Data Quality Services is a new SQL Server product in Denali which provides data cleansing capabilities. This post describes how to make use of the DQS Cleansing Transformation which is part of the default set of SSIS data flow components.
The DQS Cleansing transform can be found in the Data Flow Toolbox.
The first thing we need to set in the DQS Cleansing Transformation Editor is the Data Quality Connection Manager. This will point to our DQS installation residing on a SQL instance.
Once the connection manager has been created, you select the Knowledge Base (KB) you want to use. The current CTP comes with a default “DQS Data” KB, which contains domains that you’d use for address validation (at TechEd they mentioned that the final release may include additional domains out of the box). Selecting the Knowledge Base you want to use will bring up its list of domains.
There are two types of domains in this list; regular Domains (ex. City, State, Zip), and Composite Domains (also called CDs), which are made up of two or more regular domains. Composite Domains allow you to validate multiple fields as a single unit. For example, the “Company – US” composite domain in the default DQS Data KB is made up of Company Name, Address Line, City, State and Country. This lets you validate that “Microsoft Corporation” (Company Name) exists at “One Redmond Way” (Address Line), “Redmond” (City), “WA” (State), “USA” (Country) (given that you have the appropriate CD rules in your knowledge base, or the CD is attached to an online reference data provider). DQS would flag the entry as incorrect if you had “Seattle” as the City – even though Seattle is a valid city name, that’s not where the Microsoft office is.
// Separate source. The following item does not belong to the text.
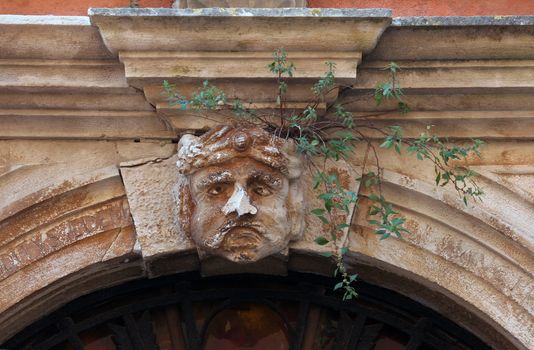 Stucco mask on the facade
There are two ways to make use of Composite Domains in SSIS:
The Mapping tab allows you to select the columns you want to cleanse, and map them to domains in your knowledge base.
Note that the Domain drop down will automatically filter out columns with incompatible data types (for example, it won’t show domains with a String data type if you are using a DT_I4 column).
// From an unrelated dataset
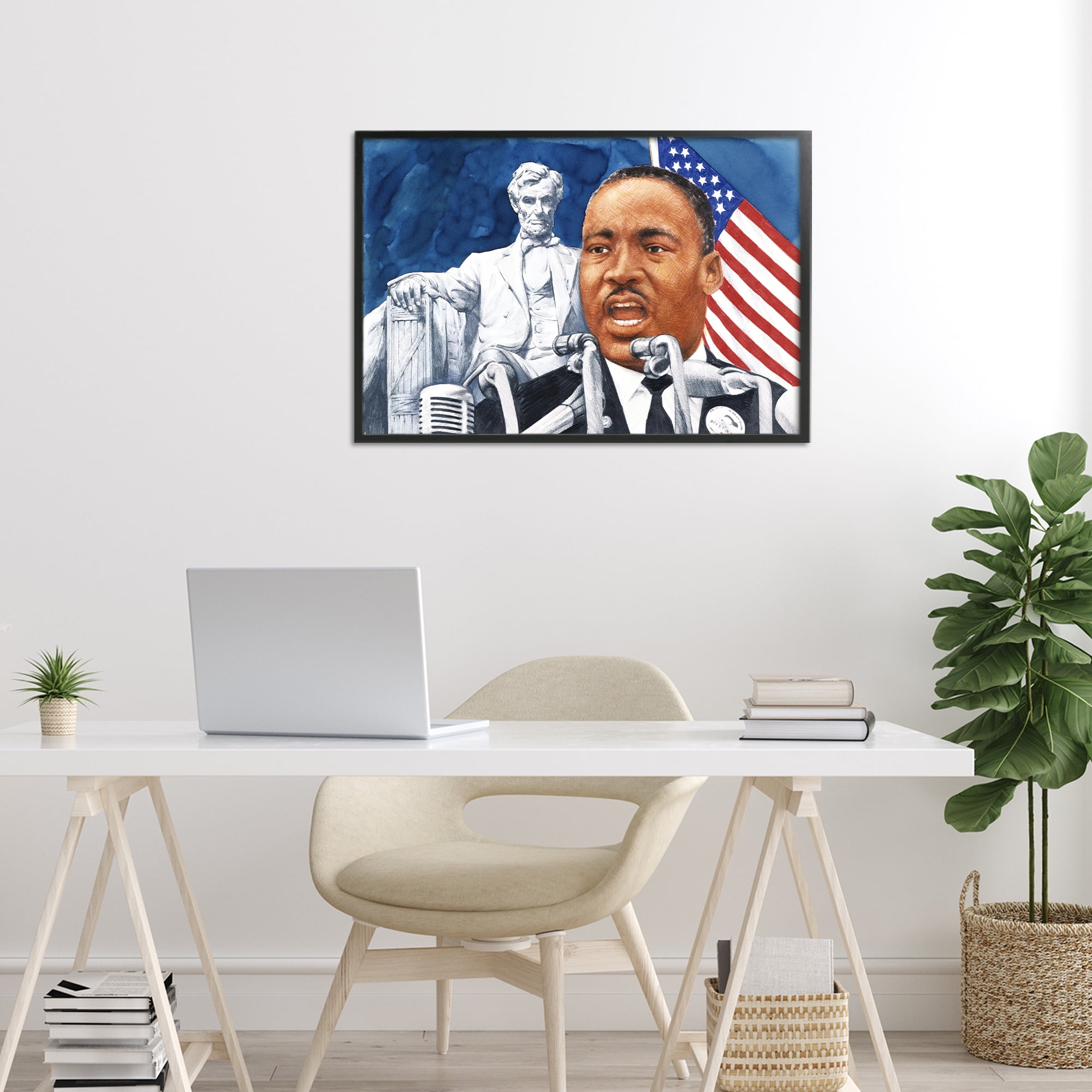 1960s American Speech Portrait Black Framed Giclee Art, design by Wind River Studios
The Advanced tab has number of different options – most of which control the columns that will be included in the output.
After mapping one of my input columns (StateProvinceName) to one of the domains (State), I check the Confidence and Reason boxes on the Advanced tab, and click OK to save the changes. If I connect the path to another transform and look at it’s metadata (right click on the path, Edit … and click the Metadata tab), I can see that four columns were added for each input column I chose to cleanse – Corrected_<column>, Status_<column>, Confidence_<column> and Reason_<column>. The first two show up by default – the last two are there because of the options I selected on the Advanced tab.
The Corrected column will contain the value for the field, whether or not it was corrected by DQS. This is most likely the field you’ll want to use later on in your data flow.
The Status column will contain the result of the correction operation. Possible values are:
Some things to note about the DQS Cleansing transform:
I think this feature will be praised by the developers.
Besides, it resembles what I saw in MelissaData (www.melissadata.com).
Question: will a developer be able to compose custom KBs or modify the logic in the canned ones?
Yes - you can create your own KBs, and modify the domains in the default KB. You can also make a copy of a domain, and reuse it across one or more KB. You have full control of it.
Through DQS, you can actually subscribe to MelissaData using an online refence data service (through SQL Azure Data Market). You can see it in action in the DQS and SSIS presentations from TechEd.
How to include the matching component of DQS in SSIS package.
We have DQS Cleansing component in SSIS package similarly how can i make use of matching comonent (as in DQS) in SSIS Package as well
The DQS Cleansing transform is installed by default with SQL Server Denali. It is not available for previous versions of SQL Server. The component currently does not support matching, but that functionality is available by using the DQS client (it's also available as part of the MDS + DQS integration).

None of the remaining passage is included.